The village of Guaca was once at the center of Venezuela’s fish processing industry but is now reduced to penury by the lack of gasoline and the closure of most of its small fish-packing plants. Amid such misery, the valuable find seemed like a miracle. “I began to shake, I cried from joy,” said Lares, 25. “It was the first time something special has happened to me.” At home, Lares told his father-in-law, also a fisherman.

Word of the discovery spread swiftly, and soon most of the village’s 2,000 residents had joined in a frenzied treasure hunt, combing every inch of the waterfront, digging around dilapidated fishing boats, even sleeping on the beach to protect their few square feet of sand and the untold fortune the plot could contain.

Since late September, their search has turned up hundreds of pieces of gold and silver jewellery, ornaments, and golden nuggets that washed up on their shore, offering the villagers a baffling and wondrous — if short-lived — reprieve from Venezuela’s seemingly endless economic collapse.

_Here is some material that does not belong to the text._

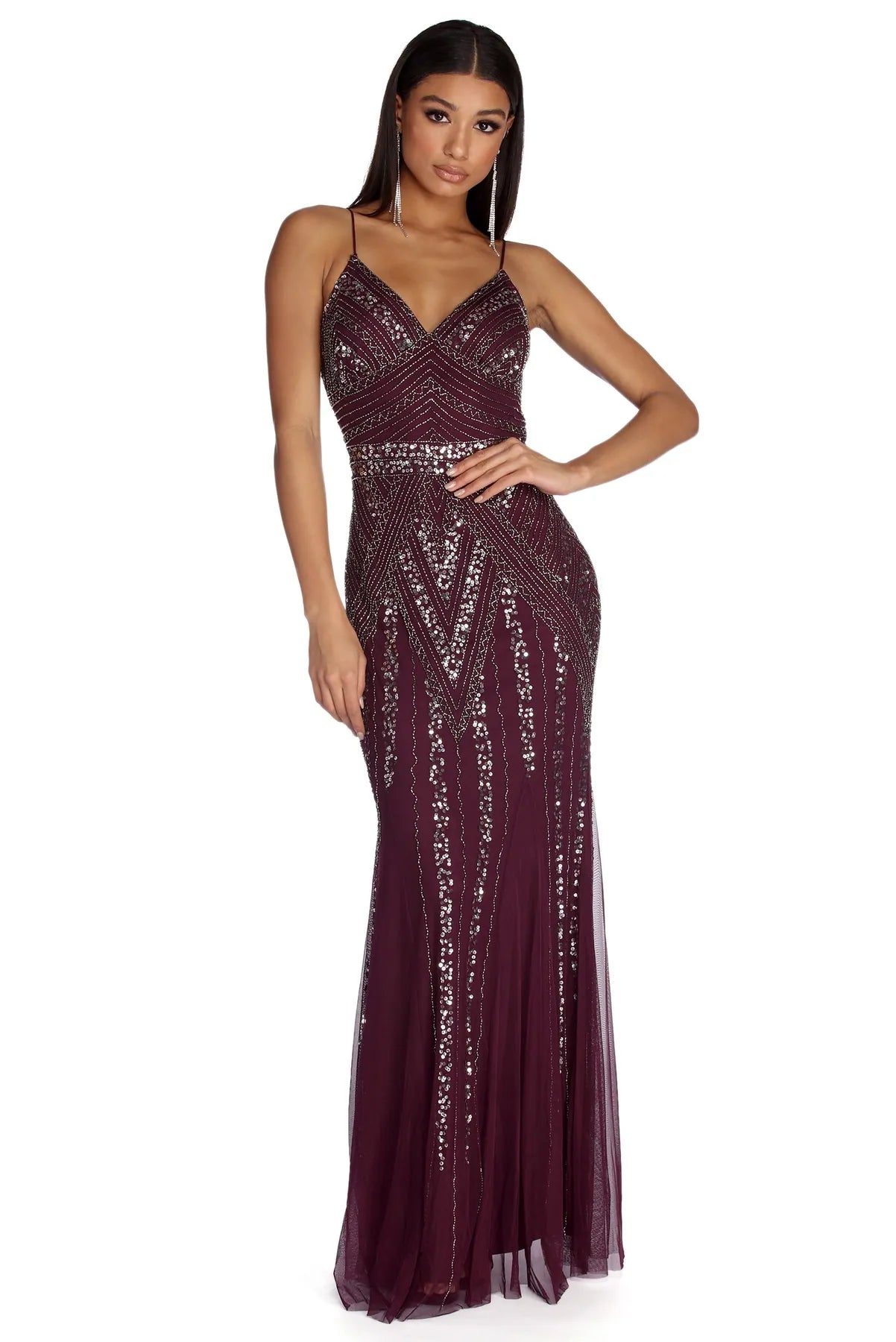 Clearance Sale Daleyza Formal Beaded Mermaid Dress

Dozens of villagers said they had found at least one precious object, usually a gold ring, with unconfirmed reports that some had sold their discoveries for as much as $1,500.

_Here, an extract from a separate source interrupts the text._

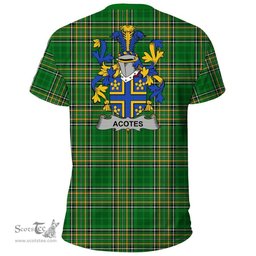 Irish Acotes Coat of Arms Family Crest Ireland T Shirt Irish National Tartan Irish County T Shirts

No one knows where the gold came from and how it ended up scattered along a few hundred feet of Guaca’s narrow, workaday beach. The mystery has merged with folklore, and explanations draw equally on legends of Caribbean pirates, on Christian traditions and on the widespread mistrust of Venezuela’s authoritarian government.

The jagged coastline around Guaca, on Venezuela’s Paria peninsula, is punctuated with bays and islands that have long given refuge to adventurers. It was on this peninsula, in 1498, that Christopher Columbus became the first European to set foot on the South American continent, thinking he’d found the entrance to the Garden of Eden.

Later, this sparsely defended coastline was regularly raided by Dutch and French buccaneers. Today, it is a haven for drug and fuel smugglers and modern-day pirates who prey on fishermen. Did a storm disturb a pirate treasure chest or break open up a sunken colonial frigate? Did the bounty come from modern smugglers heading to nearby Trinidad? For weeks, Guaca was rife with speculation.

Government opponents said officials may have sprinkled the gold on the beach to calm protests by local residents against the terrible living conditions. Others fretted the government would send soldiers to confiscate their treasure. Some villagers called the gold a blessing, others a curse that would doom anyone touching it. The source of Guaca’s treasure may never be known. The villagers almost immediately sold the objects they discovered to buy food. The village’s situation has looked up since the appearance of gold.

Sardines have come back to Guaca’s shores after a four-month absence, and the gasoline supply has improved slightly.